One of the powerful features of OBIEE is the possibility of federated query's. Sadly in most sales pitches we tend to emphases the technical part instead of the practical part. Every now and then there is a BI-manager in the audience who really knows his stuff and starts asking the wright/wrong questions. In this article I want to show you some of the pitfalls when trying to "sell" federated query's.

The most common demo is we get all the data up to last night from our DWH and add today's data from the OLTP system.

Pitfall #1: Creating unstable reports.

Most managers tend to bring paper printouts of there reports to the meeting. This means that the printout for manager 1 at 09:10 will different from the printout for manager 2 at 09:15. This leads to useless discussing of the numbers on the report.

Pitfall #2: Wasted energy

A DWH generally contains data over a long period of time. For strategic or tactical discussions today's unstable data is not significant compared to the amount of historical data. A federated query would be a unnecessary claim of recourses of the OLTP system.

Pitfall #3: Uncleansed data

The ETL process which loads the DWH often cleanses the data from the OLTP system. (FI: Don't count invoices from department '999'). If these rules aren't covered in the RPD it will lead to the wrong numbers.

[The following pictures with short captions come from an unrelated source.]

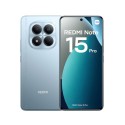 XIAOMI REDMI NOTE 15 PRO 8GB/256GB ITA Blue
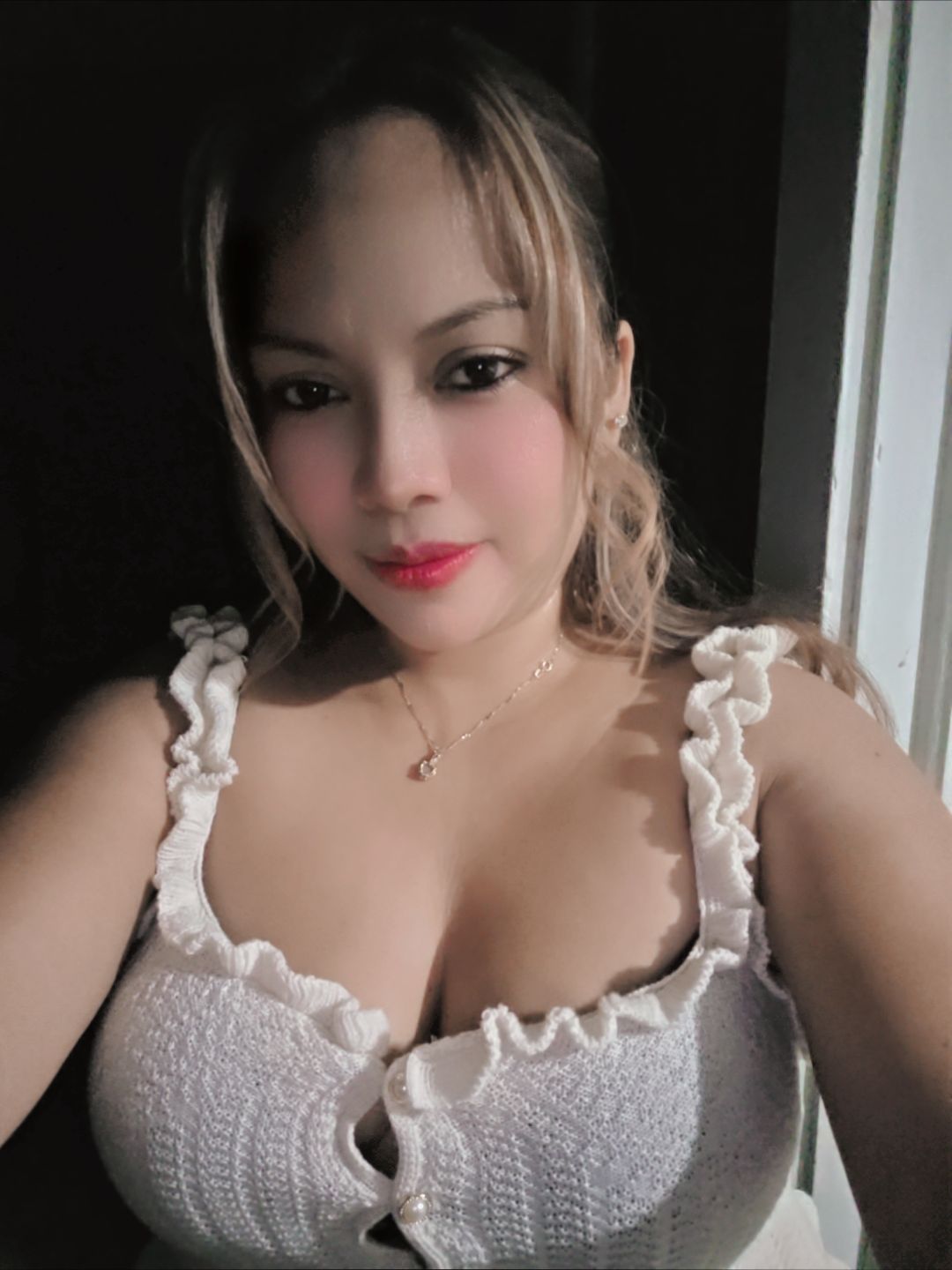 @Isela Jimenez
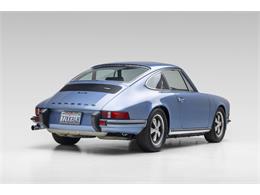1973 Porsche 911S (CC-2096768) for sale in Costa Mesa, California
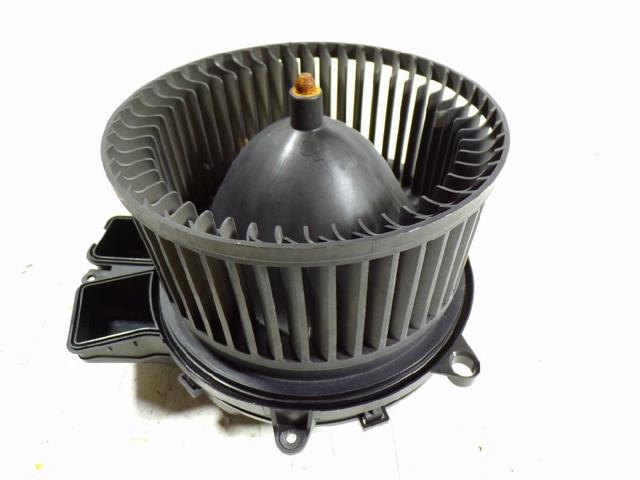 A1669066100 Mercedes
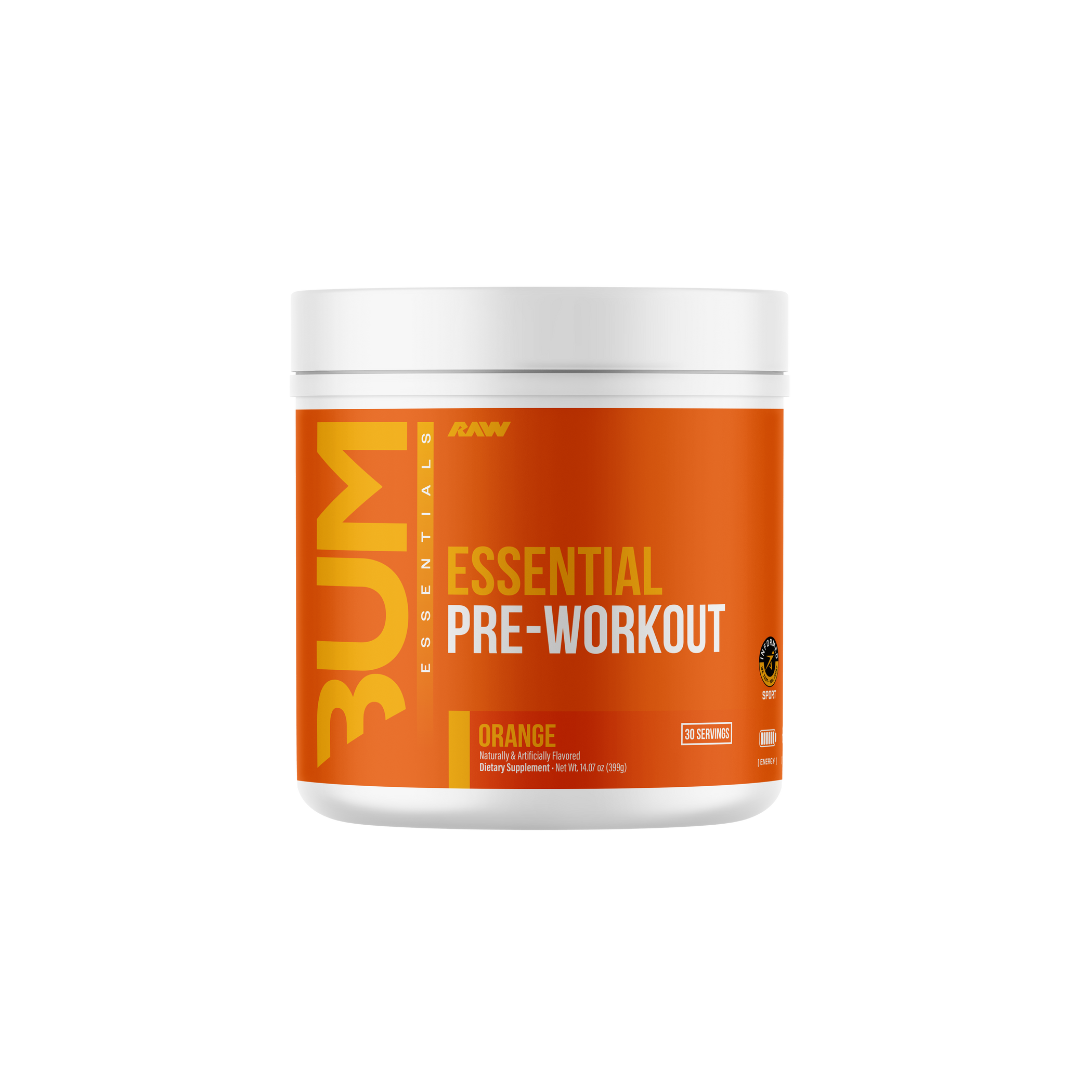 Raw Replenish – Get Raw Nutrition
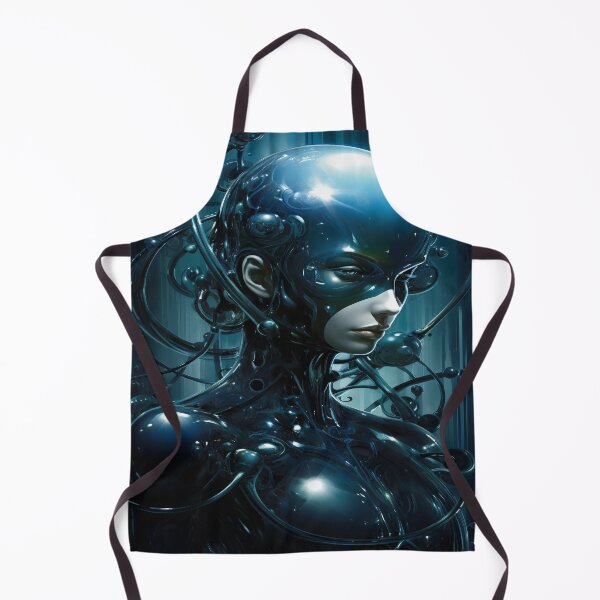Item preview, Fractal_000041 designed and sold by ngoessensarts.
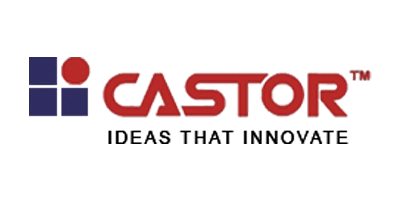 Servicio Técnico Castor Teruel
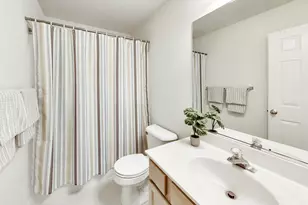 1117 McKay Cir, Grayslake, IL 60030 - Photo 18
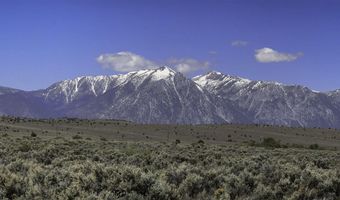 Homestead, Gardnerville, NV 89410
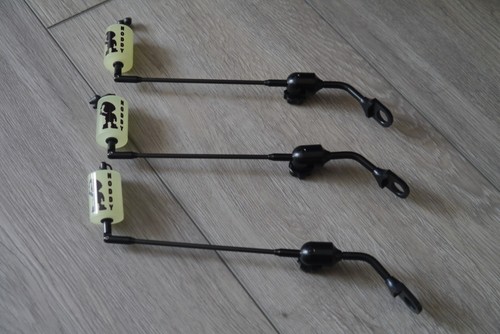 Dobbins bobbins glow dark - in,
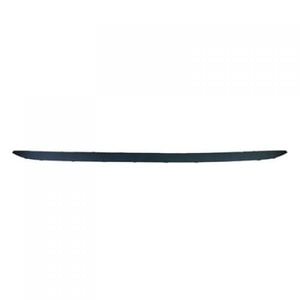 2014 - 2016 Kia Forte Front Bumper Deflector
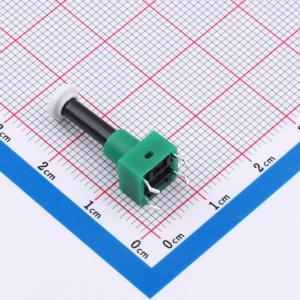 TSA06141-220B332CA-3C3E商品缩略图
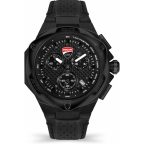   Férfi karóra Ducati DTWGC2019003 (Ø 49 mm) MOST 347270 HELYETT 149563 Ft-ért!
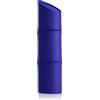 Kenzo Homme Indigo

Does this mean you should use federated query's against an OLTP system at all? Of course not! Just think about the result your are trying to get. Try confining the federated query to a specific level. (FI: Use in only when a day to day comparison is made.)

Till Next Time

3 comments:

stijngabriels said...

Hi John,
agree with the pitfalls you described, but in my opinion these pitfalls are not related to federated queries but related to using real-time data for reporting.
So the question I have after reading this article: do you think that the "OLTP+OLAP demo" is the best business case for "selling" federated queries?

Cheers,
Stijn

John Minkjan said...

Hi Stijn,

No I don't think the standard "OLTP+OLAP" demo is a good business case "selling" federated queries. There are far better demos to be made if you are willing to invest some time.
Yes you are right that these pitfalls are related to using real-time data for reporting. Sadly in many sales pitches federated query's are sold with the demo metioned in the article and therefore "mentally" connected with federated querys's.

Regards john

Anonymous said...

In my opinion federated queries are also a bad idea to report across multiple OLTP systems with medium to high data volumes.

From my experience this just works with the smallest of systems.

Have a look at Bill Inmon's rant about data federation or virtual data warehouses as he calls them. Actually one of the items both Kimball and Inmon agree on.